Plants can either fit the soil or the soil should be amended to fit the plants. Soil is essential to most plant growth, so it is important that this step is not overlooked or undervalued.

Efficient irrigation
A xeriscape can be irrigated efficiently by hand or with an automatic sprinkler system. In the design process it is recommended that turf areas are zoned separately from other plant sections, and that efficient irrigation methods used appropriately for each zone. For grass, use gear-driven rotors, or rotary spray nozzles, that have larger droplets and low angles to avoid wind drift. While drip line or bubbler emitters are most efficient for watering trees, shrubs, flowers and groundcovers.

If watering by hand, avoid oscillating sprinklers and other devices that throw water high in the air or release a fine mist. The most efficient sprinklers release big drops close to the ground.

When irrigating it is important to water deeply and infrequently to develop deep roots and healthy plants. To reduce water lost to evaporation, watering should be avoided during the day. The use of automatic sprinkling systems is highly encouraged as well as adjusting the controller monthly to accommodate weather conditions. It is often recommended to also install a rain sensor to shut off the device when it rains.

Appropriate plant and zone selection
Greenspaces often have differing environmental conditions when considering amount of light per day (due to building shadows), wind, and moisture. To minimize water waste, it is essential to group together plants with similar light and water needs, and place them in areas of the greenspace that match these requirements; for example, moderate-water-use plants should be placed in low-lying drainage areas, near downspouts, or in the shade of other plants. Turf typically requires the most water and shrub/perennial beds will require approximately half the amount of water as the turf. Planting a variety of plants with different heights, color, and textures creates interest and beauty as well as promotes biodiversity.

Mulch
Mulch keeps plant roots cool, prevents soil from crusting, minimizes evaporation, and reduces weed growth. Organic mulches, such as bark chips, pole peelings, or wood grindings, should be applied 2 to 4 inches deep to help promote root growth. Fiber mulches create a web that is more resistant to wind and rain washout. When using inorganic mulches, such as rocks and gravel, they should be applied 2 to 3 inches deep. Surrounding plants with rock makes the area hotter as they absorb sunlight, so it is recommended to limit this practice when xeriscaping.

Limited turf areas

Turf areas use the most water so it is important to use the appropriate grass as well as limit the amount of grass in the environment. Native grasses (warm-season) that have been cultivated for turf lawns, such as buffalo grass and blue grama, can survive with a quarter of the water that bluegrass varieties need. Warm-season grasses are greenest in June through September and may go dormant during colder months.

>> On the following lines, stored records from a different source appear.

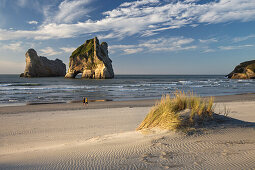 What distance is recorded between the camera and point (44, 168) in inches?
128

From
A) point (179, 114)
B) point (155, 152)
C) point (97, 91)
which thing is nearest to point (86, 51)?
point (97, 91)

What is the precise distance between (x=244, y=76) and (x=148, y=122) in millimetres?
88961

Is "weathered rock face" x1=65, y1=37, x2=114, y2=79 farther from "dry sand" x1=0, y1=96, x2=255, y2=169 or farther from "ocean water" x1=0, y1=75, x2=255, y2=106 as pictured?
"dry sand" x1=0, y1=96, x2=255, y2=169

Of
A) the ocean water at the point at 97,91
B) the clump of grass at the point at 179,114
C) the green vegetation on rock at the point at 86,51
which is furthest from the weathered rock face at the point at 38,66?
the clump of grass at the point at 179,114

Native grasses (cool season) such as bluegrass and tall fescue, are greenest in the spring and fall and go dormant in the high heat of the summer. New cultivars of bluegrass, such as Reveille, and tall fescue, can reduce typical bluegrass water requirements by at least 30%. Fine fescues can provide substantial water savings and are best used in areas that receive low traffic or highly shaded locations.

Maintenance
All landscapes require some degree of care during the year. Turf requires spring and fall aeration along with regular fertilization every 6 to 8 weeks. Additionally, the turf should be cut to a height of 3 inches with a bagless lawnmower, allowing the clippings to fall. Trees, shrubs, and perennials will need occasional pruning to remove dead stems, promote blooming, or control height and spread. To promote zero waste and avoid adding organic materials to landfills, the removed plant material can be shredded and used in composting piles.

Lawns and applications

One of the major challenges to the public acceptance of xeriscaping is the cultural attachment to turf grass lawns. Originally implemented in England, lawns have become in some regions a symbol of prosperity, order, and community. In the United States, turf grasses are so common that it is the single most irrigated nonfood crop by surface area, covering nearly . Despite the high water, fertilizer, and maintenance costs associated with lawns, they have become the social norm in urban and suburban areas, even if they are rarely used for recreational or other purposes. Xeriscaping offers an alternative to the over-use of turf grass lawns, but are not widely accepted because of preconceived notions of what it means to xeriscape. Xeriscaping can include lawn areas but seeks to reduce them to areas that will actually be used, rather than using them as a default landscaping plan. Furthermore, xeriscaping is closely linked to movements and ideologies that advocate for more natural vegetation in residential and urban areas. One form of xeriscaping that has received a lot of attention is the implementation of pocket forests.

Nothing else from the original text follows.